=== INFORMATION SHOWN ===
########################################

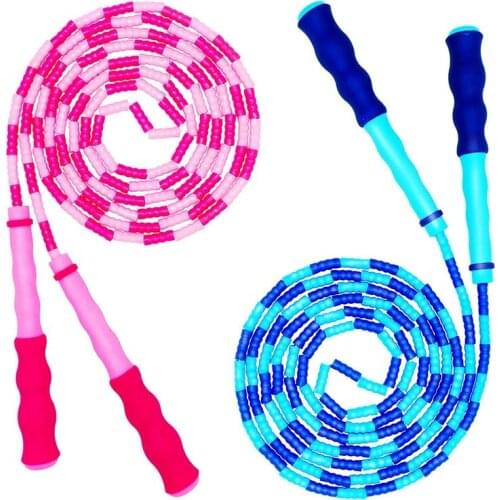 Jump Rope for Kids Adjustable Soft Beaded Skipping Rope Free Soft Rubber Segment Bead Jumping Ropes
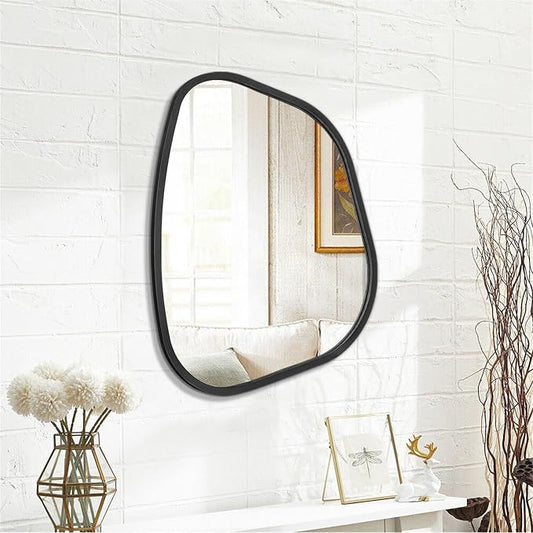 Black Asymmetrical Wall Mirror Large 20"x16" Irregular Oval Mirror Modern Wood - Image 2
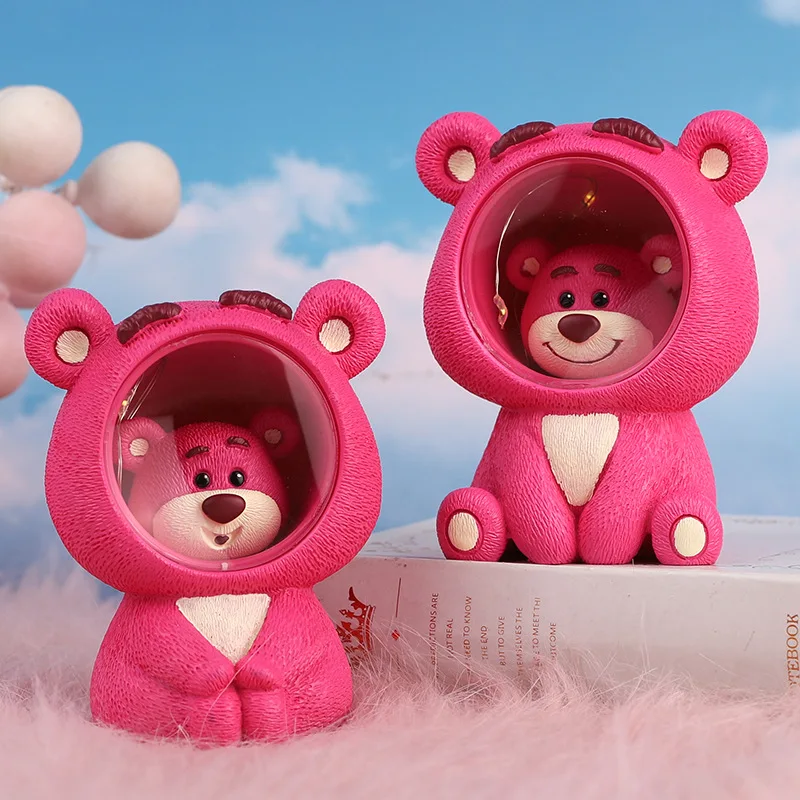 

Home Decor Kawaii Strawberry Bear Small Night Light Desktop Ornaments Children's Room Bedroom Creative Bear Sculpture Figurines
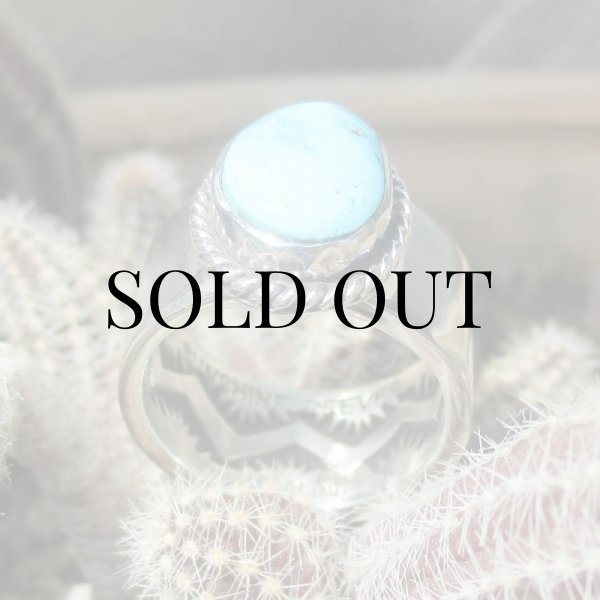 画像8: ナバホ族：Sunshine Reeves キングマンターコイズ リング 12号 (8)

########################################

=== WORK REQUEST ===
The preceding listing must be repeated exactly, with all images dropped.

=== WRITTEN SOLUTION ===
 Jump Rope for Kids Adjustable Soft Beaded Skipping Rope Free Soft Rubber Segment Bead Jumping Ropes
 Black Asymmetrical Wall Mirror Large 20"x16" Irregular Oval Mirror Modern Wood - Image 2

Home Decor Kawaii Strawberry Bear Small Night Light Desktop Ornaments Children's Room Bedroom Creative Bear Sculpture Figurines
 画像8: ナバホ族：Sunshine Reeves キングマンターコイズ リング 12号 (8)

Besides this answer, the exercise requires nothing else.